AI Graded a 21-Page Test Script in Under 2 Minutes: FirstMarker Phase 1 Results from a Barbados Primary School

FirstMarker Team · February 23, 2026

AI gradingAI marking softwareAI in educationteacher productivity toolsexam marking softwareprimary school assessmentBSSSE preparationBarbados education

FirstMarker Phase 1 Results

Real-World Classroom Trial – Barbados Primary School

Over the past week, I conducted Phase 1 testing of FirstMarker at a primary school in Barbados.

The objective was simple:

Can AI meaningfully reduce grading time while maintaining acceptable accuracy in a real classroom setting?

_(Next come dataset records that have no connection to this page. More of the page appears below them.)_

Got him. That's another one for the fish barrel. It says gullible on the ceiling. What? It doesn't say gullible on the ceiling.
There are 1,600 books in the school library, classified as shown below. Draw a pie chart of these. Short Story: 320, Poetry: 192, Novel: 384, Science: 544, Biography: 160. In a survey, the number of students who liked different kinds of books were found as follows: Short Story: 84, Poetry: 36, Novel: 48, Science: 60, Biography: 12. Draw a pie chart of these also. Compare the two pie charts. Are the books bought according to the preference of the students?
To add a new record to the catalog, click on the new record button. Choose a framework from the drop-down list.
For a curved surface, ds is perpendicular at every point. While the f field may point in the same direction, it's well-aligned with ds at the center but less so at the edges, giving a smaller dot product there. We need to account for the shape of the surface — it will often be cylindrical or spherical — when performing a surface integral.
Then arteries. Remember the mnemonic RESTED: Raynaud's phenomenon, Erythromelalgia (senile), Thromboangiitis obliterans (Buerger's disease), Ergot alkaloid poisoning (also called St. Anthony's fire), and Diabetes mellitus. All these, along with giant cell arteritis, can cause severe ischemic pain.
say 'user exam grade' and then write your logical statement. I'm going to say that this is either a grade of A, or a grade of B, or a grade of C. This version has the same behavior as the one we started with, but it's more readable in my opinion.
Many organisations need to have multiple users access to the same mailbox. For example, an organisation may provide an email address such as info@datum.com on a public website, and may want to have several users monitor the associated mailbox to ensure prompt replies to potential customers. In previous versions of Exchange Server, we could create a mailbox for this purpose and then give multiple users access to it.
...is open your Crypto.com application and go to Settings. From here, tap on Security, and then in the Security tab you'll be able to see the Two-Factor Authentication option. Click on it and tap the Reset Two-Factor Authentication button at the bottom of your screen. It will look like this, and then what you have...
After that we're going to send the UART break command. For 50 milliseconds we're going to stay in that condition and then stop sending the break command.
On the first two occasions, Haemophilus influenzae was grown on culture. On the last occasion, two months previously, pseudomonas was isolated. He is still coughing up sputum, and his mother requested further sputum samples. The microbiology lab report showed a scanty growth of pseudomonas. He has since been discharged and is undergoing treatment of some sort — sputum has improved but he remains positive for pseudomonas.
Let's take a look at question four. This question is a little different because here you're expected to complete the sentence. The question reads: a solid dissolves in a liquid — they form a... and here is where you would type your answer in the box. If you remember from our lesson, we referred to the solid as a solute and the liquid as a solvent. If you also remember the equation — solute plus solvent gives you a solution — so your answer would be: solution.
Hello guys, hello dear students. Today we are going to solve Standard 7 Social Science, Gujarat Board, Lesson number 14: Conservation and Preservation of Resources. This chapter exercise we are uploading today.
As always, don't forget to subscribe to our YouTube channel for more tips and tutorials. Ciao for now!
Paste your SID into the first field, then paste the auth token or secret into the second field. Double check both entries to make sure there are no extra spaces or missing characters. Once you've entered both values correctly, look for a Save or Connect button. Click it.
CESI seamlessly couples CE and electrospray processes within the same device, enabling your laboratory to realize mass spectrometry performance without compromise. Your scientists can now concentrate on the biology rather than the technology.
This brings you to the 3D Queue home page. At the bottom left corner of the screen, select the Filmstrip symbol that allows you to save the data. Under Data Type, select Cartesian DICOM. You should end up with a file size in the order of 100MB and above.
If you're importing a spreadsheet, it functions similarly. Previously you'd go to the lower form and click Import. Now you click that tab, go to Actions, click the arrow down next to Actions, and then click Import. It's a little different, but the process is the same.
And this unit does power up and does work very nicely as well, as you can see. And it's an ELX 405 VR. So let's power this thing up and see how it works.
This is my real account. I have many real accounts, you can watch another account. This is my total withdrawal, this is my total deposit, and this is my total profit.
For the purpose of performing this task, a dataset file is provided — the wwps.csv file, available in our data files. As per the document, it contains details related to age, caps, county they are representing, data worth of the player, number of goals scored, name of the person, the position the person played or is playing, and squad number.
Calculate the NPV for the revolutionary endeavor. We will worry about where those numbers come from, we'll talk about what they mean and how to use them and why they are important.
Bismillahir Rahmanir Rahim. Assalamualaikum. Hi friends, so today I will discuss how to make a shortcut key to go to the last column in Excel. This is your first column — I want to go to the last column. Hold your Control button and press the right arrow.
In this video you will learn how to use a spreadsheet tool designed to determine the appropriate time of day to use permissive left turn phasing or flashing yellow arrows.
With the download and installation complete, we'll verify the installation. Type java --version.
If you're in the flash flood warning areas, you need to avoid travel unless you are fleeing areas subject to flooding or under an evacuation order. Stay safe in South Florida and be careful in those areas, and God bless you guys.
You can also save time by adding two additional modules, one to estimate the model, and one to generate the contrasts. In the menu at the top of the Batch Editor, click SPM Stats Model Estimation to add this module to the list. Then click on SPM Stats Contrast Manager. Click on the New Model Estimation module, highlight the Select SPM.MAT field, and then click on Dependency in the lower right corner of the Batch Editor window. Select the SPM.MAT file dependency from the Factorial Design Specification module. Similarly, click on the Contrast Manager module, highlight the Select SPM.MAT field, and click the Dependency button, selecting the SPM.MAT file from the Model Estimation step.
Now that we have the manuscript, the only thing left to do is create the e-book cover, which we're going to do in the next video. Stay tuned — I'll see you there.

This was not a lab simulation.
This was a live test using actual student scripts.

📍 Context

Location: Primary school in Barbados
Subject: Language Arts
Script length: 21 pages
Format: Booklet-style test paper
Validation method: Multiple AI grading passes for consistency

This represents the first structured validation phase of FirstMarker in a school environment.

📱 Scanning Workflow: 21 Pages in Under 2 Minutes

Before grading begins, scripts must be digitized.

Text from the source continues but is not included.